Вот они, речи пророка: в пустыне
Камни внимали, пичуги с высот
Стаями долу слетались. А ныне
Кто разверзает пророческий рот?
Медом Валгаллы, мелическим воском
Тысячелетья питали, любя.
Дух, оказавшийся недоноском,
Кто же придет домогаться тебя?
..........................................

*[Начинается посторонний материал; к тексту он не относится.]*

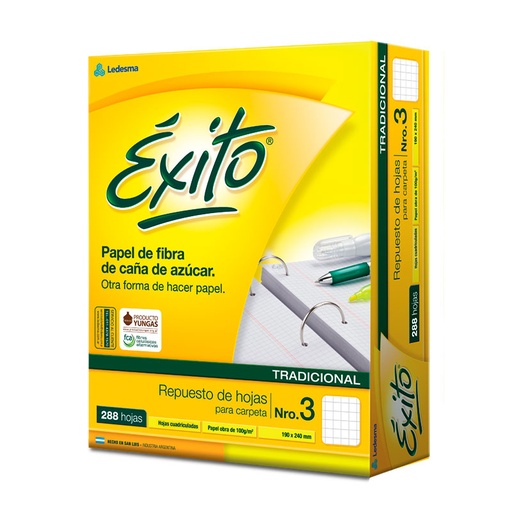 [EXITOREP288C] Repuesto Éxito, 288 hojas cuadriculadas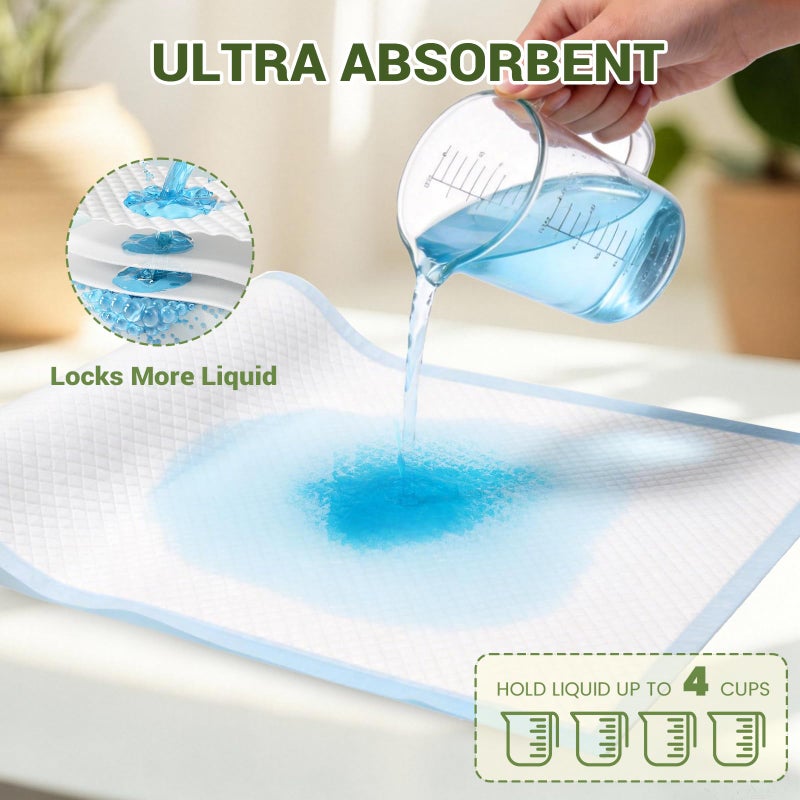IMMCUTE 100 Count Premium Puppy Pads, 22"x23" Dog Pee Pads â€“ Ultra-Soft Heat-Sealed, 6-Layer Leak-Proof & Super Absorbent Potty Training Pads for Dogs, Cats, Pets | Crate Training & Indoor Use, Blue - Image 5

Вот мы приблизились тоже, мы рядом…
Кто замечает, кого ворожит
Будущее ускользающим взглядом,
Сердца неверная стрелка дрожит?
Нет, глухотою счастливой объяты —
Звери, что смертного часа не ждут,
Ставшие пушечным мясом солдаты,
Как бы уже не живущие тут,
Как бы не жившие. Этим и нету
Гибели, страха, потери всего.
Боже, твой гнев запоздалый к ответу,
Праведный, не призовет никого.
Эти стихи “На новое тысячелетие” из цикла “Безблагодатные оды”, занимающие, даже чисто технически, срединное место в изборнике Алексея Машевского, представляются мне литературной манифестацией не менее значимой, нежели его же программные статьи “Человек в поле культуры” или “Кое-что об искусстве (с попутными замечаниями)”.
Поскольку мы от общих умствований добрались наконец до собственно стихов — первое впечатление от сквозного прочтения “Избранного”: удивительно ровная книга. Каждое стихотворение столь самоценно и самодостаточно, что ничуть не выигрывает и не проигрывает при сравнении с соседствующими. Поэтому чрезвычайно трудно выбирать стихи для цитирования, отдать какому-то одному предпочтение.
Сказанное вовсе не подразумевает отсутствие авторской эволюции: она, несомненно, наличествует — прежде всего в просодии, в ритмике. Книга разбита на три раздела: “Восьмидесятые”, “Девяностые” и “Новый век”. Для стихотворений 80-х годов характерна “долгая” строка, восходящая (не знаю, согласится ли со мной автор) к опыту Юрия Левитанского (“Кинематограф” и “День такой-то”) — с его изощренными и одновременно какими-то “разболтанными” ритмами. (Строго говоря, нечто подобное предпринимал на заре 60-х и юный Бродский.) Стихи последующего десятилетия отмечены ужесточением формы, обогащенным воспринятой явно через Кушнера разностопицей. В новом же веке Машевский, похоже, все более тяготеет к классическим катренам, не отказывая себе, впрочем, в удовольствии иных метрических вариаций, вплоть до постбродских анжамбеманов:
В молодости любовь еще не знает масштабов
Жизни, а главное, смерти, не знает ее габаритов,
Ни подводных течений чувства, ни выбоин и ухабов
Обремененной совести, ни выдачею кредитов
Занятого уязвленного самолюбия, ни мельканья
Перед глазами своих и чужих отталкивающих примеров…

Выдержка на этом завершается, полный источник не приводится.